If I got locked away, (もし、僕が閉じ込められたら)...

R. CityとAdam Levine による楽曲Locked Awayは、この一節から始まる。

MVを見る限りここでの”locked away”は、「ムショにいれられる」を意味するようだが、今回は違う視点から考えていきたい。
なにしろ2020年は、”locked away”の年だった。複数の都市ではその名の通りロックダウン、すなわち”lock down”が実行され、人々の動きは定められた区内に制限された。日本においても外出の自粛が呼びかけられ、特に緊急事態宣言下の4月、多くの人は自宅に留まった。感染症の拡大防止のために人々が”lock”される状況が発生し、ストレスを抱える人も多かったことだろう。
都市が封鎖され、行動が制限され、他者との交流が絶たれたかのように見えた。しかし人々はどうやら、そういった時こそ他者とのつながりを欲したようなのである。

Locked Awayの歌詞はこう続いていく。

“Would you still love me the same?”(もしムショにいれられても)同じようにおれを愛してくれるかい?)

大切な人とともに時間を過ごすことが出来なくなるかもしれない”I”。大切の人とのつながりはずっと持っていたい一方、”lock”されたら身動きは取れない。ましてやその人と”away”「離れて」しまったら。
この曲ではひたすら「大切な人」に語り続け、疑問を投げかける。生きることについて、大切な人といられることについて、その人とのつながりについて。

コロナ禍の人々は、みな他者とのつながりを守ろうと努力していたようだ。
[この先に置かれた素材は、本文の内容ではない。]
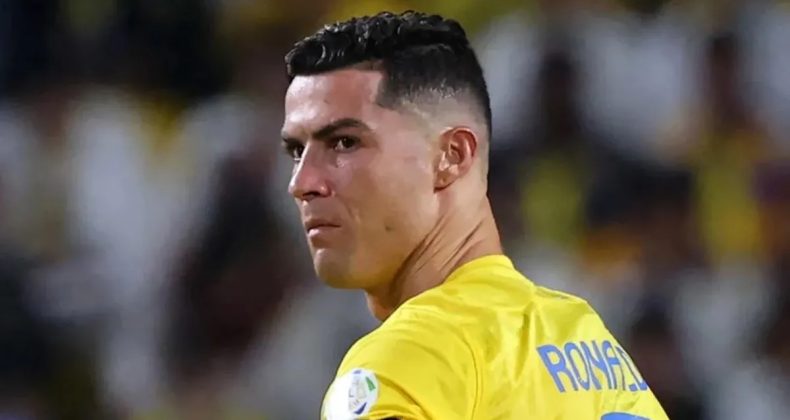 Ronaldo Krizi Büyüyor!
時々フリーズしたり音が飛んだりもしてしまう画面越しの友人たちと笑顔を交わし、メッセージを送り合う……。
考えてみると、こうした「他者とのつながり」を大切にしようとするのは人間の根源的な「生の欲求」なのではないか。
“Locked Away”の語り手は、大切な人とのつながりについて、自分の人生に広げて思考を巡らす。コロナ禍の人々も、他者とのつながりを新たな形であっても維持し続け、豊かな生を途絶えさせることはなかった。他者との触れ合いを持ってして、私たちは日々充足した生活を送り、毎日を楽しむことができるのだ。

今まで通りの関わり合いとは形を変えた、新たなつながり方が模索されたコロナ禍。そんなコロナ禍も実は、他者とのつながりを意識し直す契機だったのかもしれない。